Latency of multi-step sampling. Existing diffusion codecs (e.g., DiffEIC, PerCo) require tens of iterative denoising steps, with decoding times ranging from several to over ten seconds—far exceeding the sub-second decoding of VAE-based methods—severely limiting practical applicability.

Tension between efficiency and accuracy of semantic conditioning. Standard diffusion generation starts from pure noise and requires many steps for gradual refinement. However, image compression is fundamentally different: low-bitrate encoding already preserves the coarse structural information of an image, and the decoder is primarily responsible for reconstructing high-frequency details. This suggests that multi-step sampling may be unnecessary. Yet one-step diffusion demands more precise semantic conditioning to compensate for the absence of iterative refinement. Existing methods use text prompts as semantic guidance, but text struggles to describe fine-grained local visual semantics, and requires large VLMs (e.g., BLIP2) to generate captions, incurring significant computational overhead.

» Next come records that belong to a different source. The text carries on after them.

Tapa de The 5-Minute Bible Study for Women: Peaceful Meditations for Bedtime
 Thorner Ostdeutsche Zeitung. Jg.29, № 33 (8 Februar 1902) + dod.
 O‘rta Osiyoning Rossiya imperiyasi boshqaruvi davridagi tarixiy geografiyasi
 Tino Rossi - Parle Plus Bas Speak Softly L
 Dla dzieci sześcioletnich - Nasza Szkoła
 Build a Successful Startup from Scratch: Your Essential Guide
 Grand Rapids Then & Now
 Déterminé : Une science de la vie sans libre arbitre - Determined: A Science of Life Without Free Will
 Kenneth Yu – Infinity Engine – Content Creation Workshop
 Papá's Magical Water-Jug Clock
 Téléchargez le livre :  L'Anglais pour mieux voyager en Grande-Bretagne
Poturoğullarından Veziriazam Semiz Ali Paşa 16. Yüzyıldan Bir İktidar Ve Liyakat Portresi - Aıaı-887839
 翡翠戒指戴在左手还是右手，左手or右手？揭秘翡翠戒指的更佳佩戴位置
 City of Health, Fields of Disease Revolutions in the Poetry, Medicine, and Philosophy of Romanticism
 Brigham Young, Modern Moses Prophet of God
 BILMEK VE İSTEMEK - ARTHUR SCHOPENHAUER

The core insights of this paper are: (1) given a compressed latent, the decoder only needs to fill in high-frequency details, for which one-step diffusion is entirely sufficient; (2) the hyperprior in VAE-based codecs naturally encodes high-level semantic information with spatial locality, making it a superior conditioning signal compared to text; (3) semantic distillation from a pretrained generative tokenizer to the hyperprior can further enhance its semantic representational capacity.

Method

Overall Architecture

OneDC consists of two components: (1) Latent compression module: the analysis transform \(g_a\) encodes the image into a compact latent \(\hat{y}\), the hyper-encoder \(h_{enc}\) generates the hyperprior \(\hat{z}\), and an entropy model estimates the distribution for arithmetic coding/decoding; (2) One-step diffusion generator: a synthesis transform converts \(\hat{y}\) into an initial latent \(\tilde{y}_{in}\), a semantic decoder extracts semantic conditioning \(c\) from \(\hat{z}\), the one-step diffusion model generates \(\tilde{y}_{out} = \epsilon_\theta(\tilde{y}_{in}, c)\) conditioned on \(c\), and a pretrained VAE decoder produces the reconstructed image.

Key Designs

  1. From Text to Hyperprior as Semantic Conditioning:

    • Function: Replaces text embeddings with a categorical hyperprior as input to the cross-attention layers of the one-step diffusion model.
    • Mechanism: A finite scalar quantization (FSQ) scheme is adopted to learn a categorical distribution over \(\hat{z}\), with 7 channels × 4 quantization levels yielding an effective codebook size of 16,384. At 64× spatial downsampling, this requires only 0.0034 bpp. A semantic decoder \(h_{sem}\) transforms \(\hat{z}\) into a semantic context \(c \in \mathbb{R}^{B \times N \times D}\), injected into cross-attention layers as: \(f_{out} = \text{Softmax}(\frac{QK^\top}{\sqrt{d_k}})V\), where \(Q = W_Q f_{in}\), \(K = W_k c\), \(V = W_v c\).
    • Design Motivation: The 64×-downsampled hyperprior combines a large receptive field with spatial locality, providing more spatially aligned semantic guidance than purely global text embeddings. It also supports end-to-end joint optimization without requiring an additional text encoder.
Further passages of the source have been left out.